**Given data**
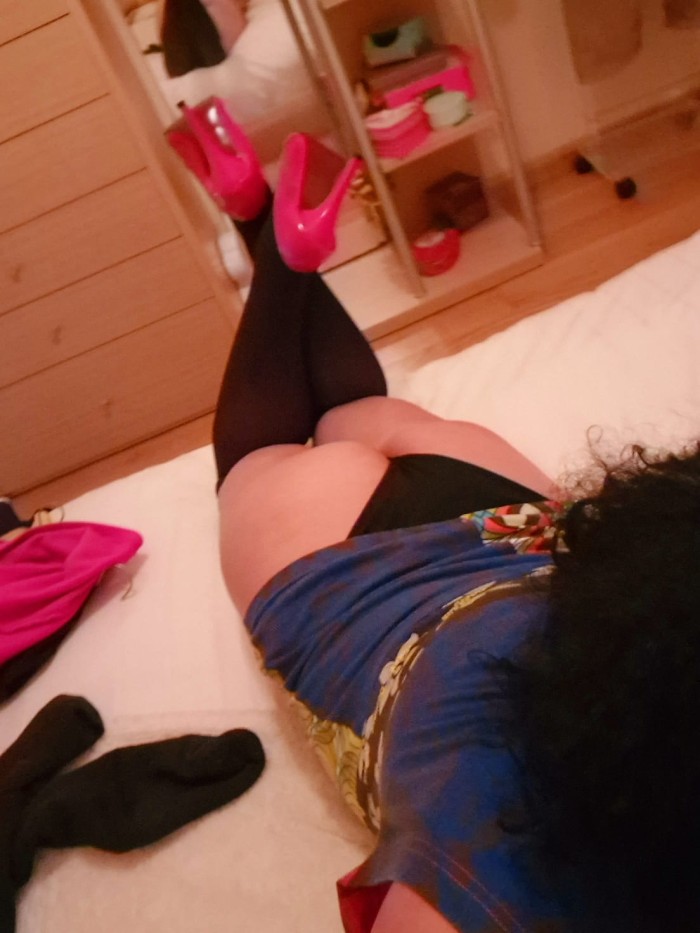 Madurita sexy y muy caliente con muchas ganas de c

---

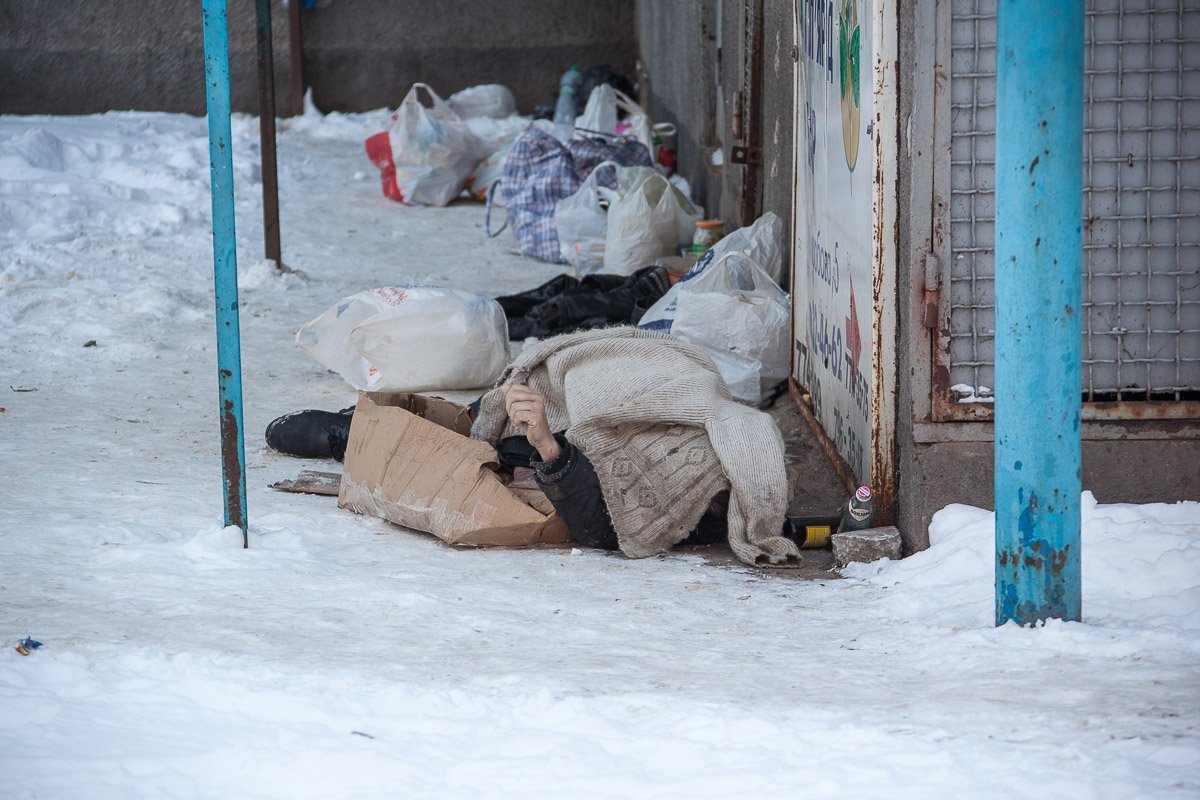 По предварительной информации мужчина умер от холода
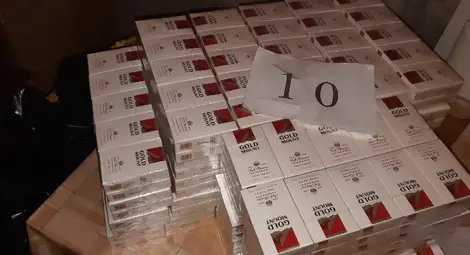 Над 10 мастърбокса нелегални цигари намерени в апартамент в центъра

**Exercise aim**
Transcribe exactly the lines above, beginning at the one with "По предварительной информации" and going up to and including the one with "Над 10 мастърбокса". Pictures do not belong in the copy.

**Response box**
 По предварительной информации мужчина умер от холода
 Над 10 мастърбокса нелегални цигари намерени в апартамент в центъра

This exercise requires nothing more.